В сентябре 1943 года советские войска освободили нас из лагеря. Возвращение домой было страшным. Отступая, немцы сожгли все деревни, только печные трубы торчали. Мы шли пешком по дороге мимо сожженных деревень, ночевали у костра в каком-то селе и думали, что может, наша деревня цела. Дошли, а там такая же картина: дома сожжены полностью. Выкопали землянку, мама сложила печку, которая топилась по-черному. Бывало, затопит печку, а мы быстрей на улицу – задыхались от дыма. Спали на соломе и ею же укрывались, ведь ничего у нас не было. Вши, блохи, чесотка одолевали... Мама мазала нас лошадиной какой-то мазью. Вот было нам лихо! Есть тоже было нечего. Большую часть еды взрослые отдавала нам, детям. Ели «тошнотики» (блины из гнилой картошки), щавель, лебеду, конский щавель.  Когда мама опухла от голода,  колхоз выделил нам пуд овса.

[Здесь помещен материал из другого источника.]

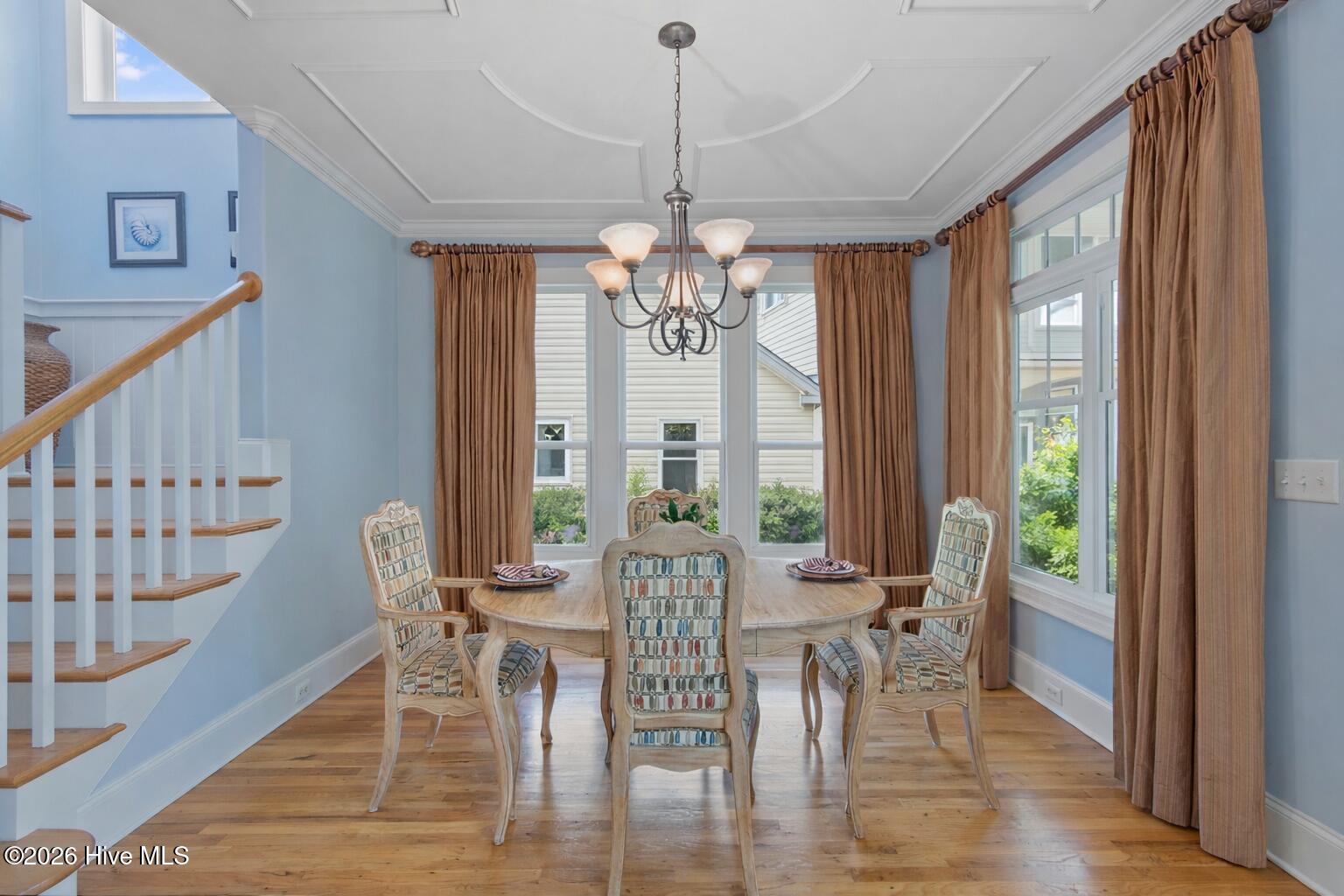 100567309 | Photo 29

В то время я не помню нашего отца, только мама рассказывала нам, что, уходя на фронт, он сказал: «Иду на фронт отомстить за отца и брата». Мама его останавливала, мол куда пойдёшь, ведь у тебя четверо детей и сам больной. Но отец ушёл и воевал. Последнее письмо от него пришло из Польши в 1944 году. Там он и погиб в бою. Но вначале было извещение, как о пропавшем без вести.

Очень тяжелое было время, как только мы выжили!  Мама на работе в колхозе: зимой пилила лес, а весной взрослые впрягались в плуг и пахали поля, а мы, дети, всю домашнюю работу делали. Одеться было не во что, ходили в лаптях.

Помню, когда стали возвращаться с фронта мужчины, мама однажды упала в доме и билась в плаче, а бабушка ее успокаивала: «Не плачь, Оля, тебе четверых детей надо поднимать…».

Жизнь наша и после войны была тяжелой. Дом начали строить только после 45 года, а так жили все в той же землянке. Да и какой это был дом! Четыре столба, обшитые всякими древесными отходами. В 1948 году колхоз реорганизовали в совхоз, и мама, накопив немного денег, смогла купить хатенку, в которой мы жили, пока не переехали. В школу ходили за семь км. В лаптях и полураздетые. Брат ходил в пиджаке с взрослого плеча, подпоясанном лыком. Пуговиц не было, вместо них мама пришивала палочки. В колхозе выращивали лен и мы ходили собирать его тайно по ночам (многие, особенно из многодетных семей, это делали на свой страх и риск, зная, что за это может быть). Мама ткала полотно из нитей, отбеливала и шила нам платья, рубашки, а из хлопьев льна ткала дерюжки, которыми мы укрывались. А еще,  мы драли кору ивы, сушили её пучками и сдавали в заготпункты. И мама, подсобрав снова денег,  купила нам валенки. Вот была радость! А наши родные тетя Ефросинья и тетя Аня помогали маме  нас прокормить, делились продуктами. Тетя Ефросинья работала в школе, получала паёк и часть его отдавала маме. Бабушка  варила щавель на воде, делила хлеб на равные части и заставляла все съесть, приговаривая: «Щавеля поболе хлебай, а хлеба помене». А еще были ситуации и пострашнее. Лошади в колхозе пали от сибирской язвы, их закопали, а женщины откапывали ночью и в речку – отмачивать. Потом варили такое мясо и ели. Бог миловал – не умерли.

 Вот так нас, детей, выхаживали матери - вдовы в те тяжелые годы! И МАМА выходила нас, подняла, дала всем образование, замуж повыдала. Когда брат окончил институт во Льгове, переехал в Орел, то забрал с собой маму.

А я  окончила в 1951 году Савеевскую семилетнюю школу, и тетя Аня забрала меня к себе в Ростов. Жила у нее два года, потом вернулась на Смоленщину,  работала, вышла замуж, родила двух дочерей. После смерти мужа в 1968 году переехала к брату в Орел. Поступила в Глазуновский сельскохозяйственный техникум. После его окончания в 1974 году стала работать старшим лаборантом в лаборатории качественной оценки Всесоюзного института зернобобовых и крупяных культур, откуда и ушла на пенсию.